Reading the works of Paul Auster has made me understand that if I want to write a great novel I first must try to understand people. I need to listen to the universal truths that are spewed out on the morning drive, on the early train, on my lunchtime walks. I need to train myself to listen, to pay attention. Why am I so afraid to listen? To write what I hear, what I see, what I feel? AM I hiding from the world? (It’s a little late for that, isn’t it?). This is the time to say everything, to be young and do what young people do.

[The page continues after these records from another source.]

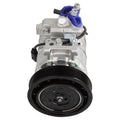 A/C Compressor for Audi A4 A5 A6 Quattro 2010–2016 2.0L CO 29098C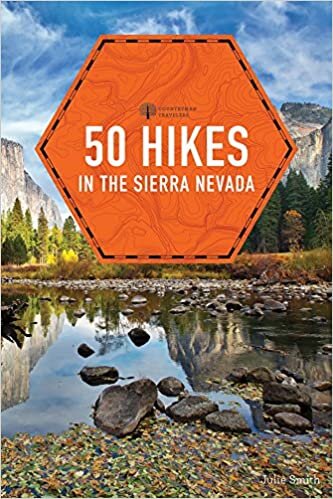 50 Hikes in the Sierra Nevada (Explorer's 50 Hikes)
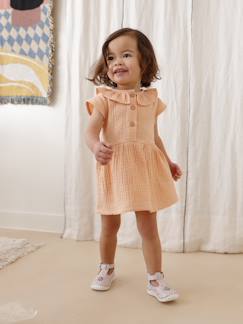 Babymode-Mädchen Baby Kleid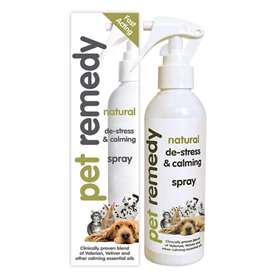 Pet Remedy De-Stress and Calming Spray 200ml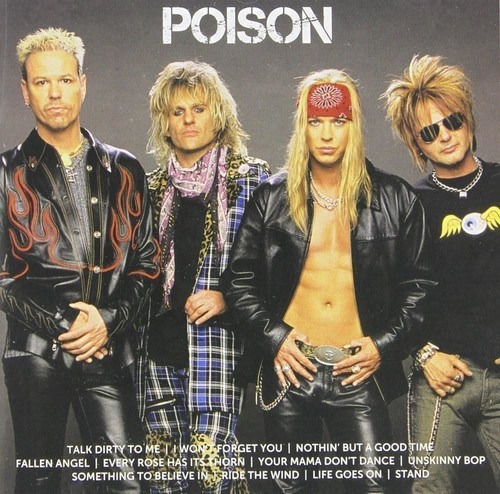 Audio nuovo poison - audio, cd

But as the sun peeks out from the clouds and spreads warmth on my face, igniting the words on this page, I feel nothing and everything all at once. I don’t know where to begin. I falter. I’m afraid to move but anxious to go. You know the dread you feel when you sit down on the subway (a 30 minute ride) and suddenly the alarms in your stomach and ass start ringing, screaming YOU SHOULD PROBABLY FIND A BATHROOM? Yeah, my life feels a lot like that right now. I’m pinching my cheeks, playing tricks on my mind and body, teaching them patience (or trying to). But the screaming continues — LET’S GO, GET UP, MOVE IT, WE GOTTA GO!
By comparing my life to a bowel movement I’m not trying to imply that my life is shitty. In fact, it’s far from that. It’s the urgency I feel at every moment, the anxiety that I’m trying to get across, to relieve myself of with this post, with these words.
Writing as catharsis is not bullshit. IT actually works. I feel lighter already.